Ovviamente, tutte le attività lavorative sono continuate anche e soprattutto perché si è agito mettendo in sicurezza filiali e lavoratori. “Le aziende alimentari si sono dotate in tempi record dei dispositivi di protezione necessari, introducendo procedure mirate ad assicurare il distanziamento e ricorrendo laddove possibile allo smart working. È stato come sostituire le ruote ad un’auto in corsa“.

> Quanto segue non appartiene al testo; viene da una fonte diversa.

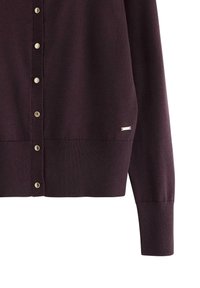 Bordeaux strikket cardigan med knapfortsats, ribbede manchetter og kant, samt en lille metallisk detalje ved bunden.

Un’auto in corsa che non ha mai potuto fermarsi, nemmeno per far rifornimento. Ma, per fortuna, di far rifornimento sembra non ce ne sia mai stato il bisogno. “Le scorte di magazzino hanno permesso alle aziende di riorganizzarsi e riprendere la produzione, e hanno aiutato a far fronte alla richiesta triplicata da parte soprattutto della grande distribuzione”. E la produzione, allora, ha potuto proseguire ai ritmi dettati dall’emergenza. Lavazza parla anche di casi in cui si è registrata qualche perdita, ma – sottolinea – “in ogni caso il sistema ha trovato il suo equilibrio, e riusciamo a garantire l’approvvigionamento di tutti i nostri prodotti“.

marco lavazza

Il fardello più grande: la chiusura di bar e ristoranti

Il vero fardello, uno dei più grandi ostacoli che ha mandato fuori strada l’auto in corsa, è tuttavia da riscontrarsi nella chiusura di bar e ristoranti. “Questa, purtroppo, è una nota dolente. C’è una sensazione diffusa secondo cui il reparto alimentare non sia stato colpito dalla crisi e che anzi ci abbia guadagnato. Non è così: sei imprese su dieci denunciano un calo di produzione e fatturato“, spiega Lavazza ai giornalisti del Corriere.

E prosegue: “Nonostante la crescita dei consumi alimentari domestici a marzo, anche aziende che hanno visto crescere fatturato e produzione hanno però dovuto sopportare un aumento dei costi delle materie prime o della logistica che inciderà negativamente sui bilanci. Dall’altra parte troviamo tutte quelle aziende che lavorano soprattutto sul canale del ‘fuori casa’ che hanno visto un calo netto delle vendite, che non potrà essere recuperato nei prossimi mesi”.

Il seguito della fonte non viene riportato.